In Brief Lives, John Aubrey wrote: “This Earle of Oxford, making of his low obeisance to Queen Elizabeth, happened to let a Fart, at which he was so abashed and ashamed that he went to Travell, 7 yeares. On his returne the Queen welcomed him home, and sayd, My Lord, I had forgot the Fart.” Interestingly, it’s seven years since David Cameron fled, having unleashed a stink of near-nuclear proportions on the polity of this country.
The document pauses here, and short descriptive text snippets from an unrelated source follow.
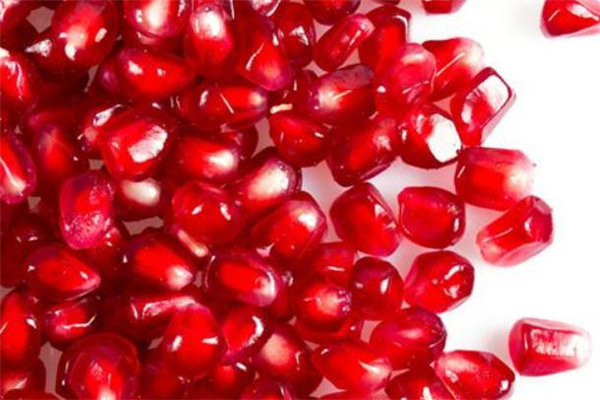 石榴籽怎么吃 石榴籽吃了能消化嗎 石榴籽怎么吃 石榴籽吃了能消化嗎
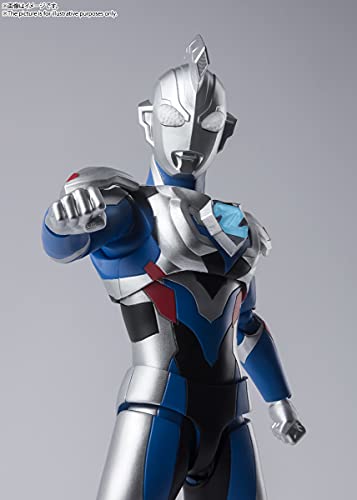 S.H.Figuarts "Ultraman Z" Ultraman Z Original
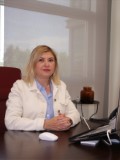 Bilgi İşlem Şube Müdürü / Sevinç ÇOLAK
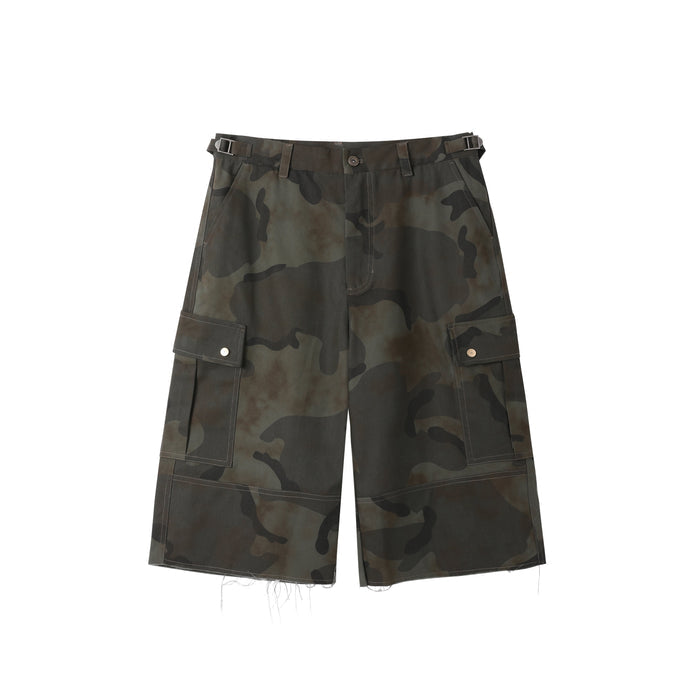 Perfected BDU Short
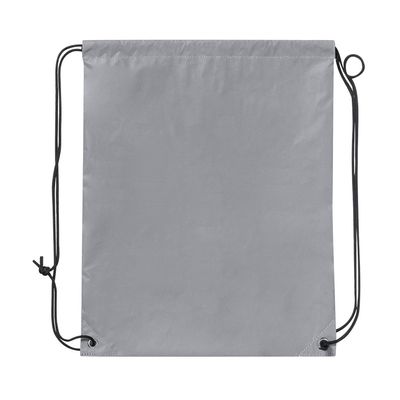 Mochila Cuerdas Reflectante 7Kg Gri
Now he’s back – and we have not forgotten (Can Lord Cameron of Chipping Norton make it as a comeback king?, 17 November).
Marion Doyen
Leamington Spa, Warwickshire
• Having retrieved David Cameron from his shepherd’s hut and reinstalled him in the Palace of Westminster, No 10 could show a bit more initiative by consulting the creators of the Abba Voyage show, and bring Margaret Thatcher back in virtual form for the Downing Street TV cameras.
Henry Fryer
Bishop’s Waltham, Hampshire
• John Boaler’s letter on various ministers and their short tenures (14 November) seems to me to be the Twelve Days of Christmas for our times – Thirteen Years of Tory Rule, with the “five gold rings” refrain now “five prime ministers”. I’m sure another reader can come up with the rest of the song.
Sally Smith
Redruth, Cornwall
• David Cameron wants the UK to help the UN end global hunger (Report, 18 November). Maybe they could start by ending it in the UK?
Michael Miller
Sheffield
• It seems little wonder that Reed Bowden suffers from hearing loss, given that he lives in Great Snoring (Letters, 16 November).